Magni Fjorleifdottir, the Jarl of Edverfell, the talon of the sky's grasp, the mountain of the mountain. She stands tall, stern, flanked by those who have made it back with her. Krogstad, Nørgaard, Benedicte, they stand first amongst them. None of them look pleased, as Magni strides into the hall of her home, and towards Westermark.
It had been twenty-six days of hell. Of desperate survival and pure luck, part of it.
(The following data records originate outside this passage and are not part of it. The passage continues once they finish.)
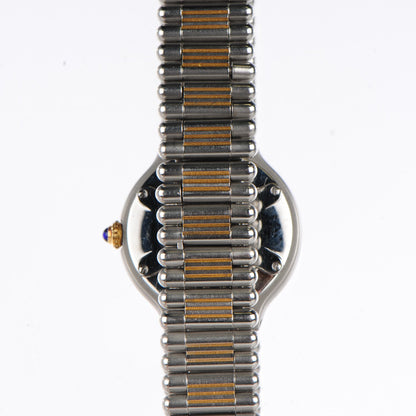 Cartier Stainless Steel 18K Yellow Gold 28mm Must De 21 Quartz Watch 5 of 9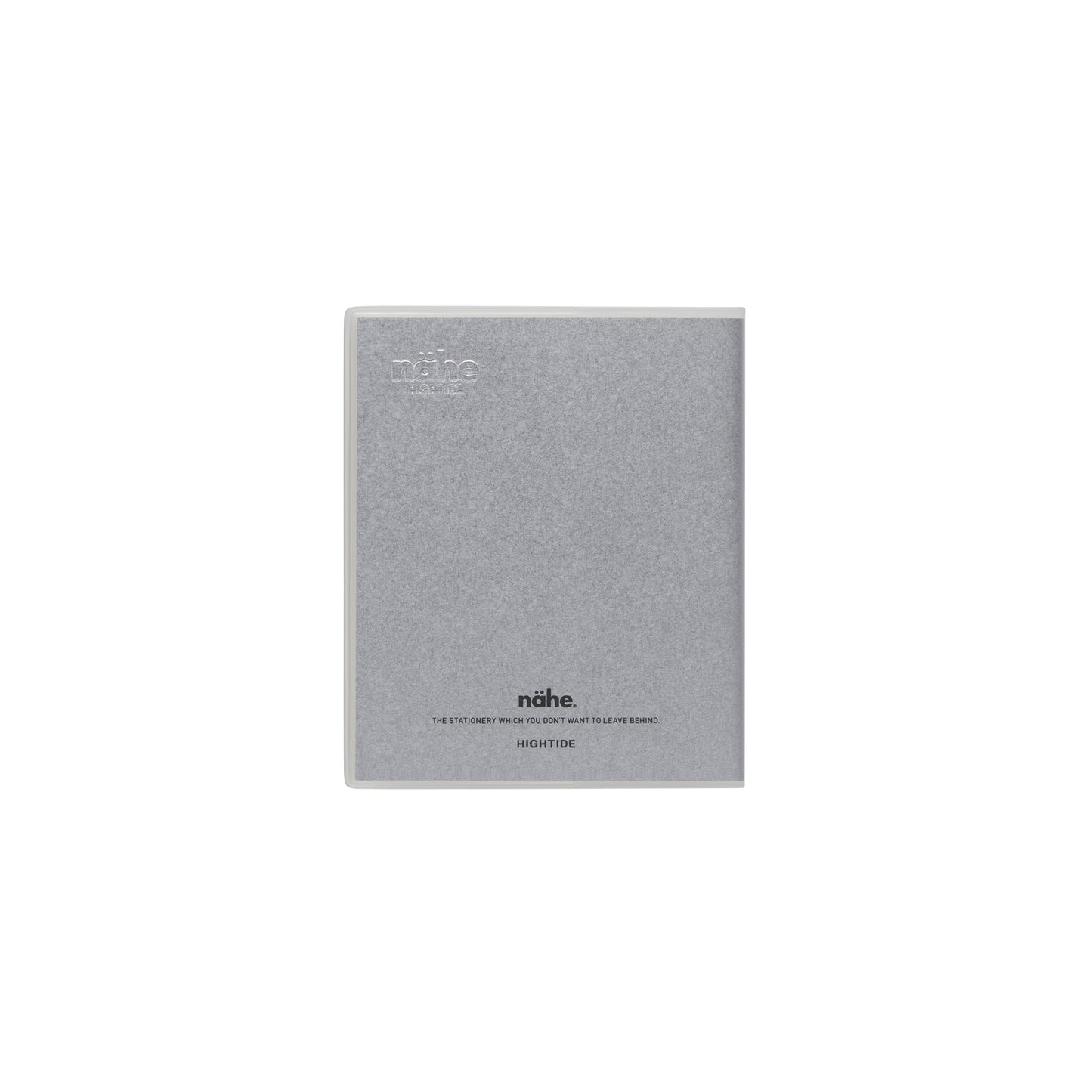 Nähe 2027 Monthly Diary Square Silver 10x12 *coming soon*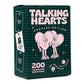 Talking Hearts Conversation Cards Couple Card Game for Date Nights Travel Adventures | Great Valentine's Gift for Couples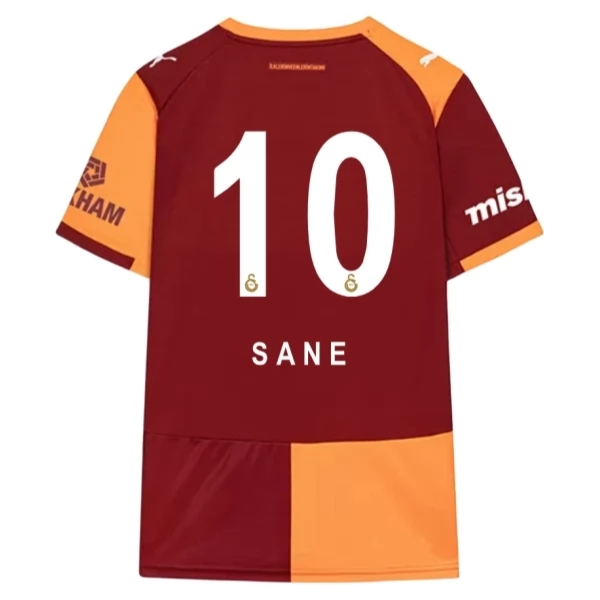 Galatasaray Sané 10 Nogometni Dresovi Domaći 2025/26 Galatasaray Sané 10 Nogometni Dresovi Domaći 2025/26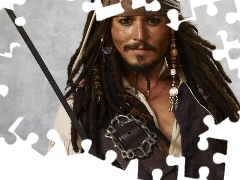 Jack Sparrow, sword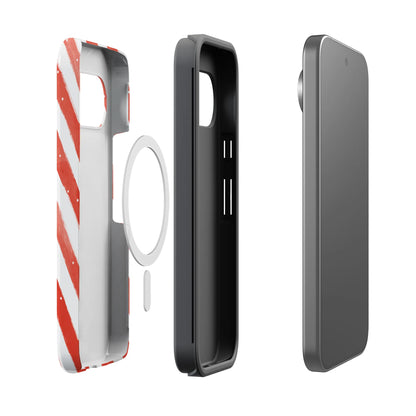 Candy Cane Lane | Peppermint Stripes Case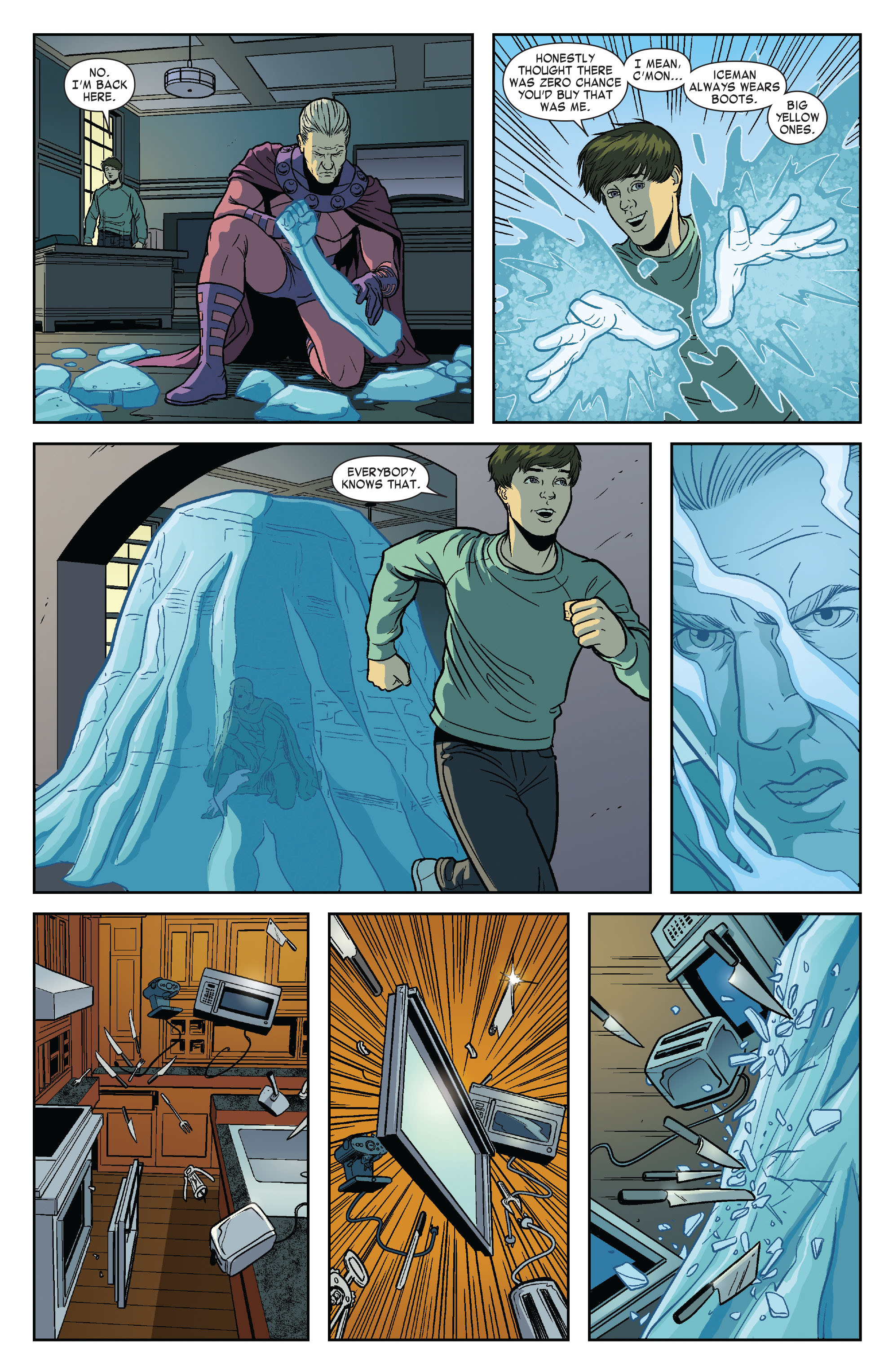 Read online X-Men: Season One comic -  Issue # Full - 96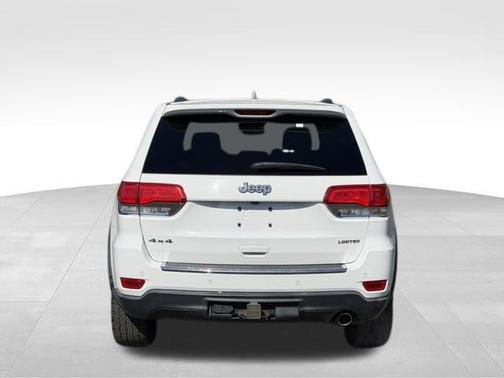 Bright White Clearcoat 2015 Jeep Grand Cherokee Limited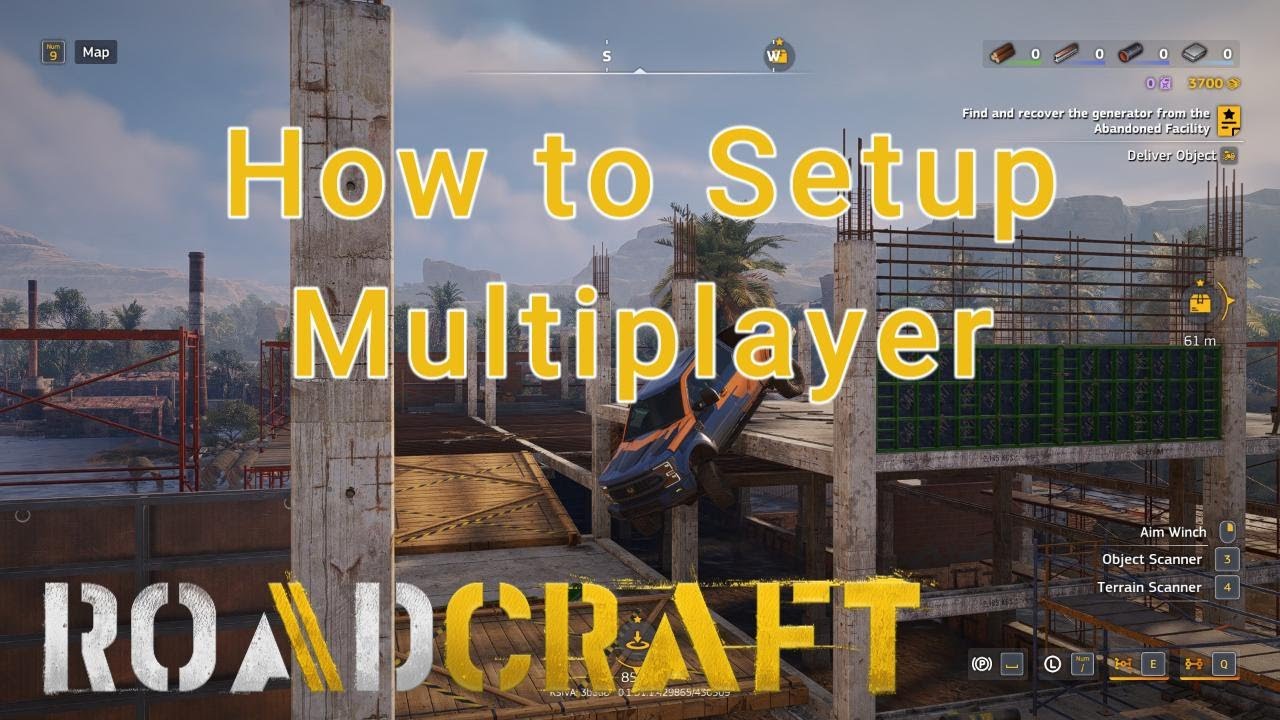 How to Set Up Multiplayer in RoadCraft!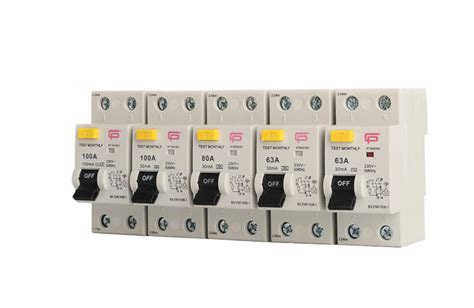 80A 30mA RCD 2 Pole TYPE A RTA800302 FB Harbord Electrical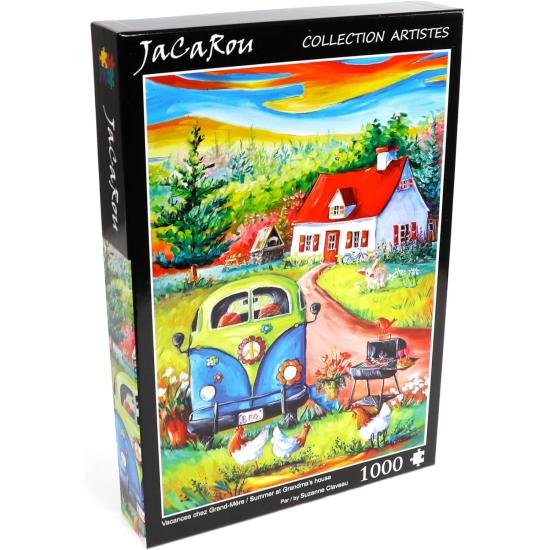 Jacarou Summer at Grandma's House Puzzle 1000 Teile Jacarou Summer at Grandma's House Puzzle 1000 Teile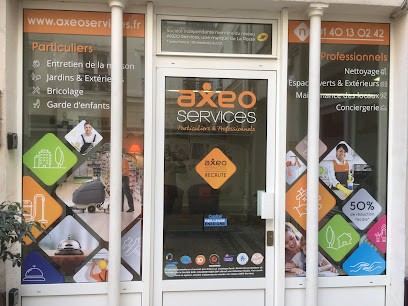 Axeo Services Paris 1er, Aide à Domicile à Paris 01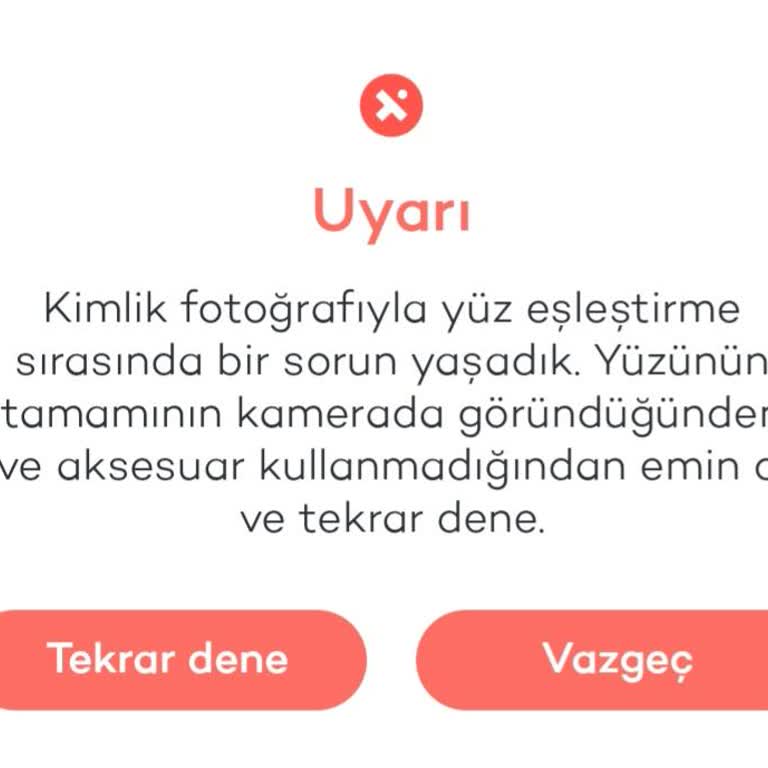 Yüz Tanıma Sorunu Ve Para İade Talebi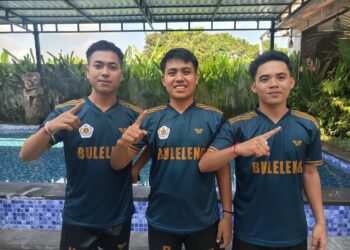 Tiga Sekawan dari Pakisan Persembahkan Emas Pertama untuk Buleleng di Cabor Sepak Takraw Porprov Bali 2025
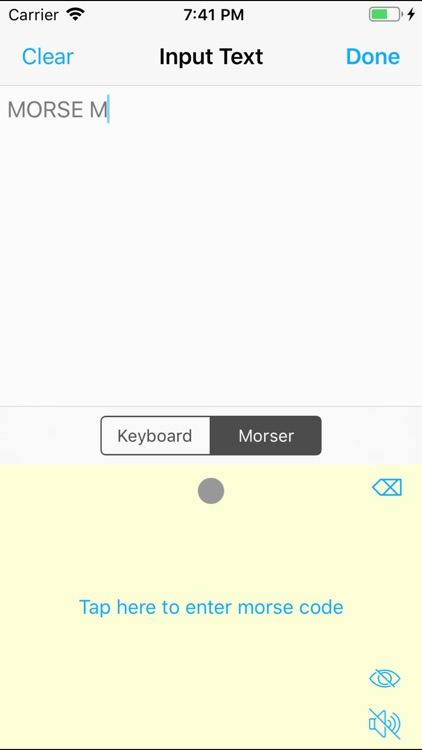 Send.Morse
Of hunger, of making it back to land only when one of their number who they had managed to pull from the wreckage and into the tiny rowboat had died from their injuries. Of making it to the home of an elderly couple who had no notion of who they were and helped them regardless, and who Magni was determined to see rewarded for all he did - four of her men were still there being tended to. Of having to travel across a rugged landscape and relying on her name and reputation to get them horses, when finally they were in a fit enough state to travel. They were all of them thinner, and for all their losses, coming home was still meant to be a joyous thing. But this— snake sought to undermine her Rani?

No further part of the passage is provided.